Orthodox Groups Call for Support for Settlers
American Orthodox groups are gearing up to ensure that the needs of the settlers recently uprooted from Gaza are not ignored.
Jewish organizations, including the Orthodox Union, already have established a number of financial campaigns to raise money for the needs of the settlers.
But the most ambitious call for action came from the National Council of Young Israel — an Orthodox synagogue movement that led protests against the Gaza disengagement plan. The council, representing about 200 congregations, wrote a letter to the Conference of Presidents of Major American Jewish Organizations requesting an emergency mission to investigate the complaints the settlers have made about their treatment at the hands of the government.
The Legal Forum for the Land of Israel has said that only 100 of the 1,700 families evacuated have found permanent housing solutions — and only 700 have found temporary solutions.
The executive vice president of the Presidents Conference, Malcolm Hoenlein, said his organization is not planning a mission to Israel, but it is talking daily with the Israeli government about the settlers’ needs.
“What we can do is prod and inform — and we have done that regularly,” Hoenlein said.
Hoenlein said the Presidents Conference has fielded calls from many organizations that are worried about the uprooted settlers’ plight. One of those calls came from Mort Klein, head of the Zionist Organization of America. Klein said that he told Hoenlein, “In light of the fact that the conference fervently supported this misguided policy, we have a special responsibility to ensure that our fellow Jews are being reoriented to their new lives in the most humane and comfortable way possible.”

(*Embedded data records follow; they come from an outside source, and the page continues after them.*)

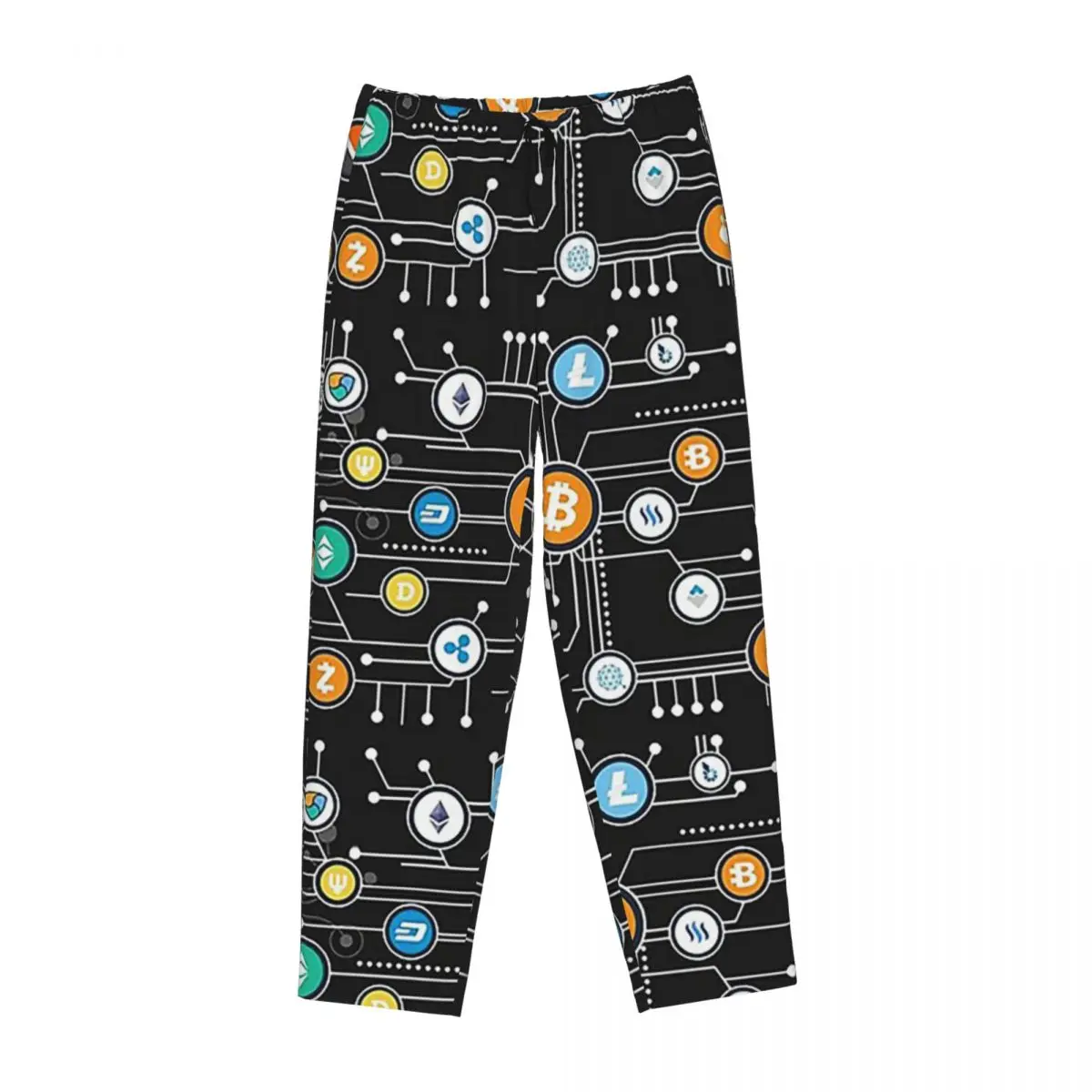 

Cryptocurrency Bitcoin Cryptocurrency Altcoin Blockchain Logo Women Pajama Pants Lounge Sleep Sleepwear Bottoms with Pockets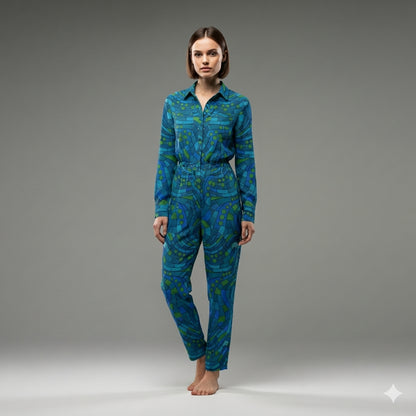 Lightweight Button Front Jumpsuit Mosaic 10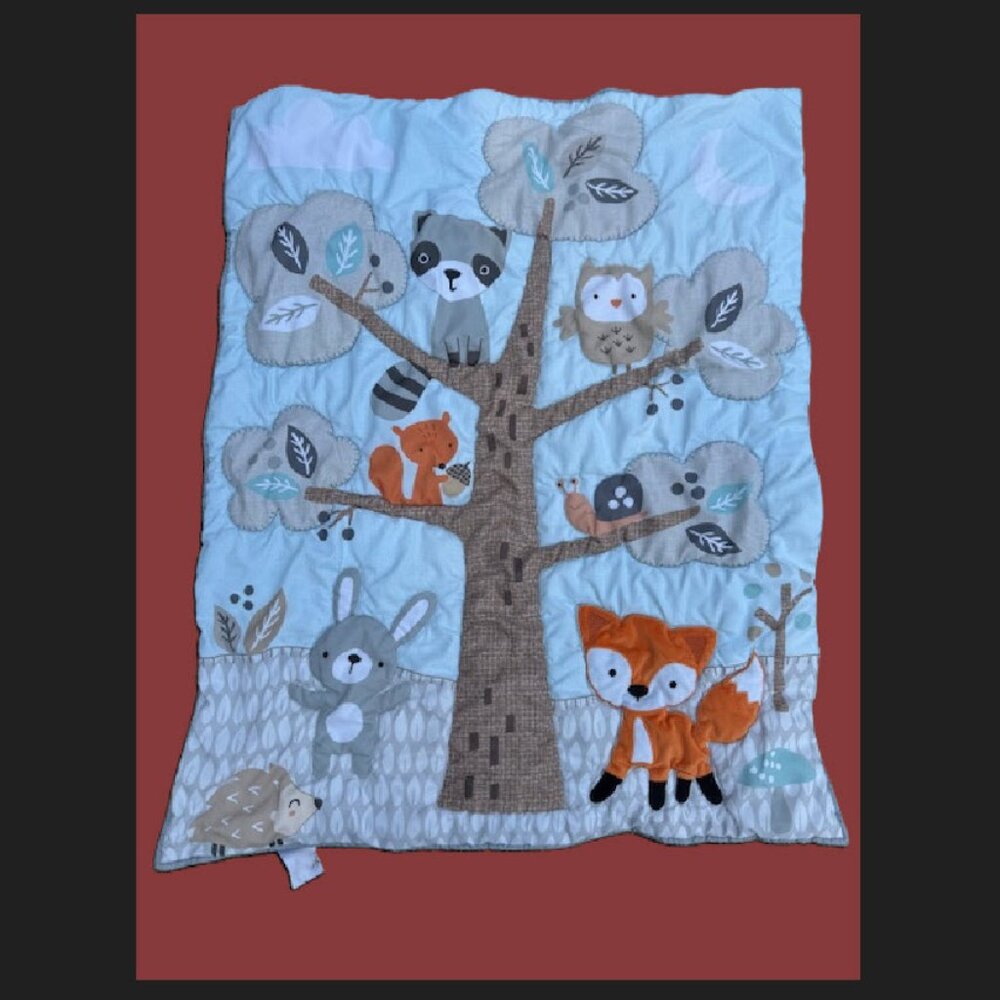 Bedroom Originals lambs & Ivy baby nursery boys forest quilt Preowned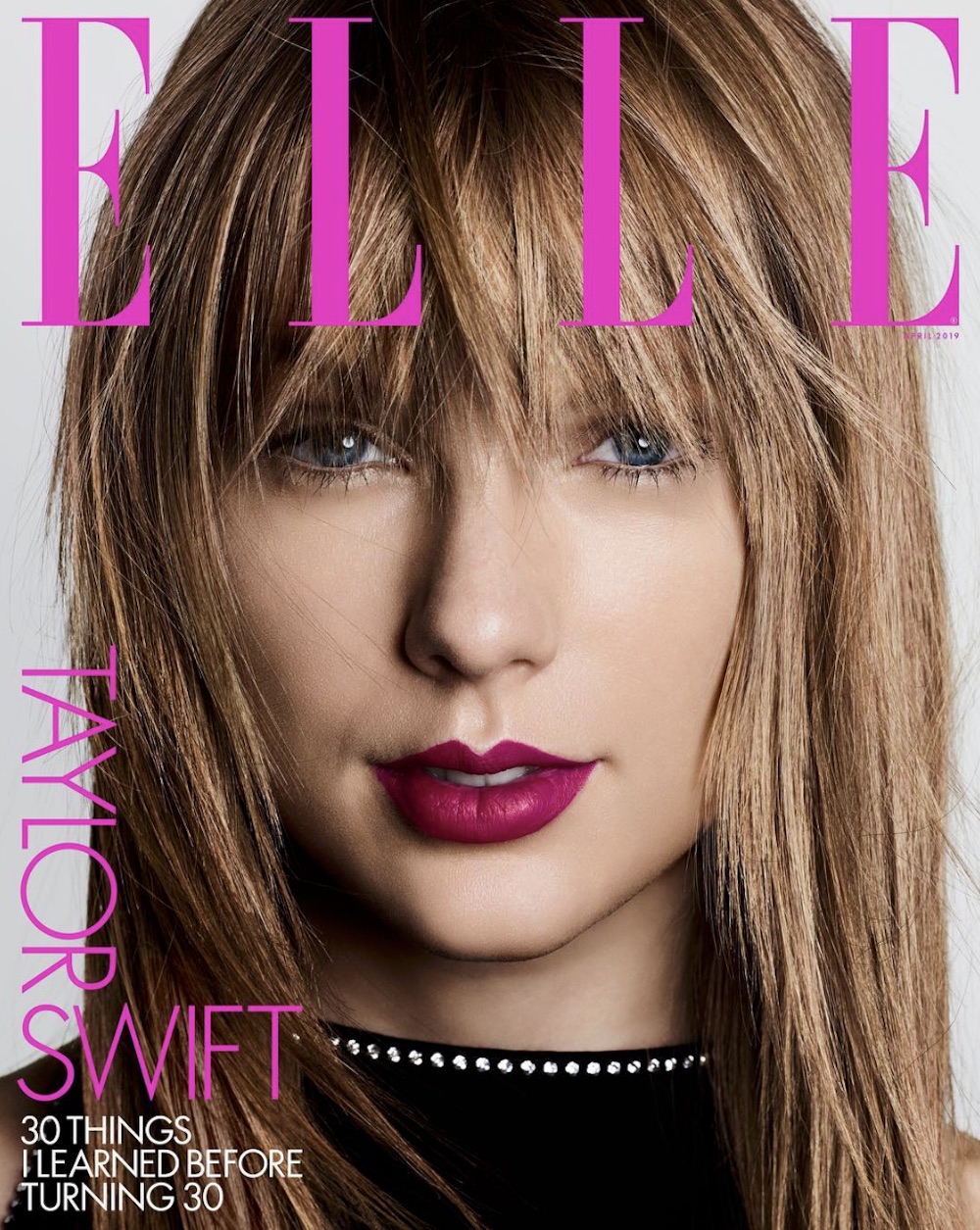 『ELLE』の表紙を飾ったテイラー・スウィフト（画像は『ELLE Magazine　2019年3月6日付Instagram「Ahead of her 30th birthday, Taylor Swift is sharing 30 things she learned before turning 30.」』のスクリーンショット）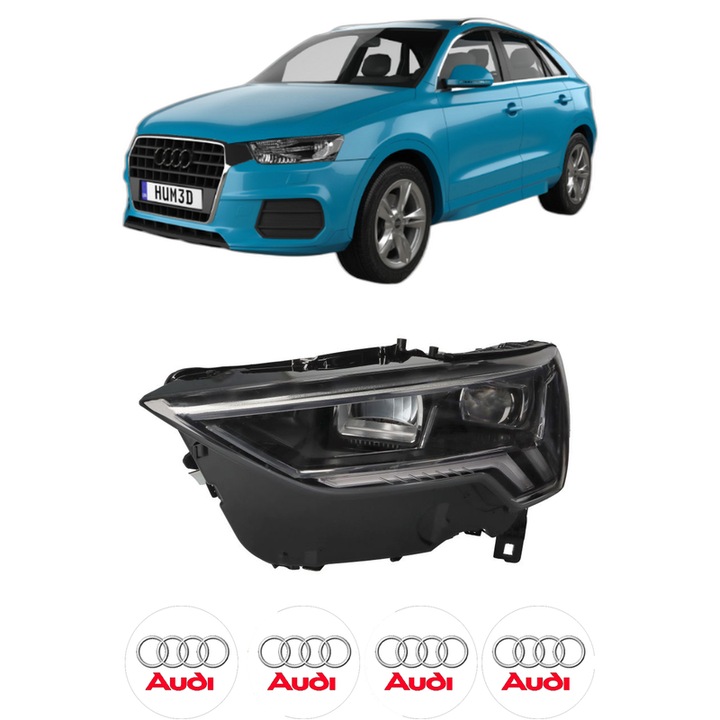Far Stanga Fata AUDI Q3 (F3B) din 2018-2024, Auto, TYC, 4x Stickere auto cu AUDI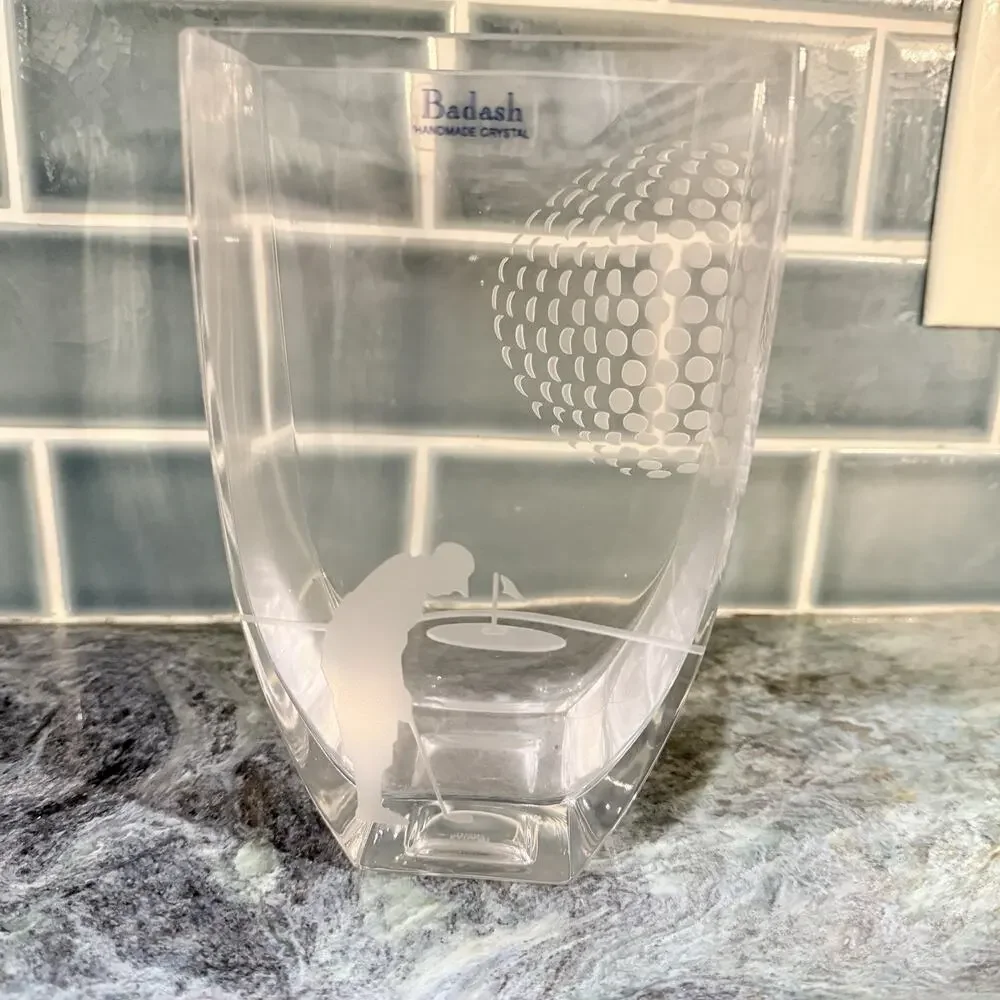 Badash Crystal Golf Vase 8” Tall Etched EUC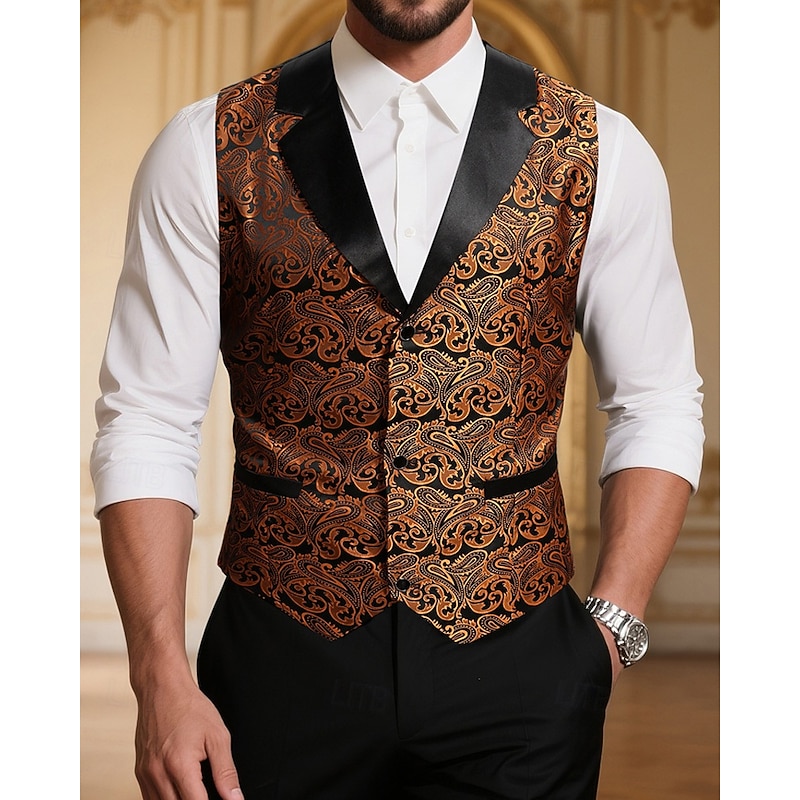Men's Vest Waistcoat Gilet Vacation Party Business Fashion Casual Spring Fall Pocket Buttons Polyester Comfortable Paisley Single Breasted One-button Peaked Lapel Regular Fit Light Brown Vest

A spokesman at the O.U., Steven Steiner, said that the organization had yet to decide how the money it raised would be spent, and there was a question of whether funds would be extended to settlers who refused to accept the compensation packages being offered by the Israeli government before the pullout began last week. But he added, “It is safe to say that some funds will go for counseling and social services for youth.”